The next step would be to reload our file fryzigg_with_lineup.csv and apply all of the pre-processing steps up until the point we trained our model. We will then load our pickle file and generate new ratings

Generate New Predictions
import pickle

today_date = datetime.today().date() - timedelta(days=7)
new_data = dataset[dataset['match_date'].dt.date >= today_date]

categorical_columns = ['match_opponent', 'match_venue', 'home_away_status', 'player_position']
feature_columns = team_rolling_columns_avg + player_rolling_columns_avg + categorical_columns

# Load the pre-trained model from the pickle file
with open('best_lgbm_model.pickle', 'rb') as f:
    best_model = pickle.load(f)

# Pre-process new_data to ensure it matches the training data format
# Assuming 'new_data' is your new DataFrame and 'feature_columns' is defined as before
new_data_processed = new_data.copy()

# If you have categorical features, ensure they are of type 'category'
for col in categorical_columns:
    new_data_processed[col] = new_data_processed[col].astype('category')

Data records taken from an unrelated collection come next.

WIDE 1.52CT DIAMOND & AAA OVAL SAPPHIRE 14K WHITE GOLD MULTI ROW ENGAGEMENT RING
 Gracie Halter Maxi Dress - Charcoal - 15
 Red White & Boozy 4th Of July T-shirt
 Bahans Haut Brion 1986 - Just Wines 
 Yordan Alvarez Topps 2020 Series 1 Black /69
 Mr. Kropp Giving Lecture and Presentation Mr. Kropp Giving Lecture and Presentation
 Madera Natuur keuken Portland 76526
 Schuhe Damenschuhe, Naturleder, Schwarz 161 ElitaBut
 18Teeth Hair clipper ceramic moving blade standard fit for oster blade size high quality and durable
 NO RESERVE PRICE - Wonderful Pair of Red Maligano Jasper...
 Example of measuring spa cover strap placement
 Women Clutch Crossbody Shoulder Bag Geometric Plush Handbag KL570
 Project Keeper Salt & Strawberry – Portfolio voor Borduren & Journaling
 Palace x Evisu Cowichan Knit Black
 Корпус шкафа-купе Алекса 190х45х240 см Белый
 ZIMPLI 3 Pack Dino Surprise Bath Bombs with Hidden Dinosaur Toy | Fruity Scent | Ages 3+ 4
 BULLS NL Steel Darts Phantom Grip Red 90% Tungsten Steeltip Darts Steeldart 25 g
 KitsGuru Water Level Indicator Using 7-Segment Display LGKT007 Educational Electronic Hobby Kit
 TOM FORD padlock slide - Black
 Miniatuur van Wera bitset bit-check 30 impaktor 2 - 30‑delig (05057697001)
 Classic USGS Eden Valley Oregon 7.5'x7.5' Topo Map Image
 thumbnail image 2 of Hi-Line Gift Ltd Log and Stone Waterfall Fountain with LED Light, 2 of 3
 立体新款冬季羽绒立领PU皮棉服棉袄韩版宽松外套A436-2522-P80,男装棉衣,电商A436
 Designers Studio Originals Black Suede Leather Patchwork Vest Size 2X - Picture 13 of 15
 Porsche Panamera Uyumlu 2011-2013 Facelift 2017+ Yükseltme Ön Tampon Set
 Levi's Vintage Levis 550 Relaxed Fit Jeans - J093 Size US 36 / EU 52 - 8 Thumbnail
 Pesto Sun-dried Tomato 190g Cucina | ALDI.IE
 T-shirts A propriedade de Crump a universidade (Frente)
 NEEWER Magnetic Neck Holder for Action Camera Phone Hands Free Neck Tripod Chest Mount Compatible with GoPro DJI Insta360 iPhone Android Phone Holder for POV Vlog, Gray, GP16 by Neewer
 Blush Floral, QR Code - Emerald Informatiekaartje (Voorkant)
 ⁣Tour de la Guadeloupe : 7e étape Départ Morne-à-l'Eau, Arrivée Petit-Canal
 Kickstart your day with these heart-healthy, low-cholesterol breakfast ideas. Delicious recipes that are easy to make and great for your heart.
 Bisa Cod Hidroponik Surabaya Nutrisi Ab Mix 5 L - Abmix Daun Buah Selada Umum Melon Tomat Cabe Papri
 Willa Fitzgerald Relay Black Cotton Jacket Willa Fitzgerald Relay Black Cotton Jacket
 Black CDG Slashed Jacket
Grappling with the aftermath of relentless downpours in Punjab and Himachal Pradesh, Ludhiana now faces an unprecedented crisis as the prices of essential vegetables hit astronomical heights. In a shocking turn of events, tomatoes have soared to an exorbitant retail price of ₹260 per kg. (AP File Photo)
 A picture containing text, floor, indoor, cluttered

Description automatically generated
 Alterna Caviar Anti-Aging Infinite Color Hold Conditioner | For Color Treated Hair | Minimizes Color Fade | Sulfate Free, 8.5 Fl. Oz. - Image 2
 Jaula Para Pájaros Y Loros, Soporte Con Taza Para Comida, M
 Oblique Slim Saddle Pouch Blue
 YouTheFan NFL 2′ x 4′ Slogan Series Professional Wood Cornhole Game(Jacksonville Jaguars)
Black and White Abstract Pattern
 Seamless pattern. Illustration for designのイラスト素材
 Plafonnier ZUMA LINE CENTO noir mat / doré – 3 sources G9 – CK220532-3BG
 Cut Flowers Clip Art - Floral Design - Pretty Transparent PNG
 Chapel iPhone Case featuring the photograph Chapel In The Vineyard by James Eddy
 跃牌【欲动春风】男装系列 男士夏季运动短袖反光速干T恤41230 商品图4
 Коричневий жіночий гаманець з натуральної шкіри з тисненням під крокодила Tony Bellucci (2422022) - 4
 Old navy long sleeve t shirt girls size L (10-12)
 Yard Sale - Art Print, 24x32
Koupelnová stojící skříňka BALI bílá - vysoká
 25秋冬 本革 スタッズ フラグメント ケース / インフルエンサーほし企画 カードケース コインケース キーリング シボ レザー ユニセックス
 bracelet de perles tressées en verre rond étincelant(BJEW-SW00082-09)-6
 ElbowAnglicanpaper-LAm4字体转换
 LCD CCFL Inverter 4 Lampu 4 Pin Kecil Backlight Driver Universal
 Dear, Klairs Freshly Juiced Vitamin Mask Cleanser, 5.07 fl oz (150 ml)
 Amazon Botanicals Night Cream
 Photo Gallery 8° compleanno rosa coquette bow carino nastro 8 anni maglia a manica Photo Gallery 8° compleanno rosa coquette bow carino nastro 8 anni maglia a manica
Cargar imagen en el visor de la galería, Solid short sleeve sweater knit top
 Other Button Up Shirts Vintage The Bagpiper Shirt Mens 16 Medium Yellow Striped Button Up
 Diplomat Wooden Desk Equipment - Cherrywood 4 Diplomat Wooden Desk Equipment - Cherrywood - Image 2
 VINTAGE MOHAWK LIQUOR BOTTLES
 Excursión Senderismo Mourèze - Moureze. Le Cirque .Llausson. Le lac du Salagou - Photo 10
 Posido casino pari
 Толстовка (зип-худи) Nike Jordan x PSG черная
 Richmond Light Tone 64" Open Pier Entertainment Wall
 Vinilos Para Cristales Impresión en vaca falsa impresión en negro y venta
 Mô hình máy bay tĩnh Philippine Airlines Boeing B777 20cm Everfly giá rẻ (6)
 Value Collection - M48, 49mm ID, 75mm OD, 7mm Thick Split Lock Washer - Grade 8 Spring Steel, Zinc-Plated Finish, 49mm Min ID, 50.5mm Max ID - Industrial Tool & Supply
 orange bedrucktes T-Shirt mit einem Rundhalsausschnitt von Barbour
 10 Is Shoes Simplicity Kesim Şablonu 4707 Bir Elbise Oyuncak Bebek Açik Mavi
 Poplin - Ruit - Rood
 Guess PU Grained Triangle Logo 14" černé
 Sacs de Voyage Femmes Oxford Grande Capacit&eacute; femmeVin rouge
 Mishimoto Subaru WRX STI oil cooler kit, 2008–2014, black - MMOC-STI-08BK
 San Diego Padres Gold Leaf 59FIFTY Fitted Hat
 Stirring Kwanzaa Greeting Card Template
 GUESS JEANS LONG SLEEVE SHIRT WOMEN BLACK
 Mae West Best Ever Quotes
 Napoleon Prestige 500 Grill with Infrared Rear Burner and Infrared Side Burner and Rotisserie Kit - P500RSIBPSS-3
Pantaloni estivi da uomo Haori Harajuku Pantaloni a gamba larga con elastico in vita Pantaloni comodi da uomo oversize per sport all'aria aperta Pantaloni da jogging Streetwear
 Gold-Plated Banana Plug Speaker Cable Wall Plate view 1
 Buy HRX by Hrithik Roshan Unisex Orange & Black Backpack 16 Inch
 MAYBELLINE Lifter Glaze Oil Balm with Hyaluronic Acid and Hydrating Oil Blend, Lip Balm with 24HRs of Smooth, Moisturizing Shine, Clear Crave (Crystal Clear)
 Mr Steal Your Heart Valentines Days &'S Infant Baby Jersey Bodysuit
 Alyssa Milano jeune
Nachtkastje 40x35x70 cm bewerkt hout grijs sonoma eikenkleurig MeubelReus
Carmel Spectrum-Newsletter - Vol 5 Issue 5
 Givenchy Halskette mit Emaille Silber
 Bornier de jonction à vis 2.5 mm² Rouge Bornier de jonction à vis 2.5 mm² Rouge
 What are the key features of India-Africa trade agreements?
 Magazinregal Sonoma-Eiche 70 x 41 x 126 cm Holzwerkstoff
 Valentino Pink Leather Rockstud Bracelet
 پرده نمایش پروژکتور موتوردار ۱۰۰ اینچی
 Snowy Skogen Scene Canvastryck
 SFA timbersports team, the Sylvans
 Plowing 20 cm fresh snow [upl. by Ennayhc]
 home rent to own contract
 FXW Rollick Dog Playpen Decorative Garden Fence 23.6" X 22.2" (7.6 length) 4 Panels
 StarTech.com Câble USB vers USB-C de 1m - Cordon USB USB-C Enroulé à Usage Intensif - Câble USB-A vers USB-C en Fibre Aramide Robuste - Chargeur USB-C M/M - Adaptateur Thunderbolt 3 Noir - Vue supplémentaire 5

# Extract features for prediction
new_data_features = new_data_processed[feature_columns]

# Generate predictions
new_data_processed['disposals_prediction'] = best_model.predict(new_data_features)

# Select the required columns for the output
output_columns = [
    'match_date',
    'match_round',
    'match_venue',
    'player_id',
    'guernsey_number',
    'match_team',
    'player_position',
    'player_first_name',
    'player_last_name',
    'disposals_prediction'
]

# Ensure the output DataFrame has the required columns
output_data = new_data_processed[output_columns]

# Export the predictions to a CSV file
output_data.to_csv('new_data_predictions.csv', index=False)

print("Predictions have been saved to 'new_data_predictions.csv'.")

Congratulations! You've generated predictions for the upcoming matches! You can now use this output to bet into player disposal markets. For historical pricing data for these markets, visit the page here

Final Step

Remember to update your historical data with actual results once they become available (this usually occurs by Tuesday of the following week)

Disclaimer

Note that whilst models and automated strategies are fun and rewarding to create, we can't promise that your model or betting strategy will be profitable, and we make no representations in relation to the code shared or information on this page. If you're using this code or implementing your own strategies, you do so entirely at your own risk and you are responsible for any winnings/losses incurred. Under no circumstances will Betfair be liable for any loss or damage you suffer.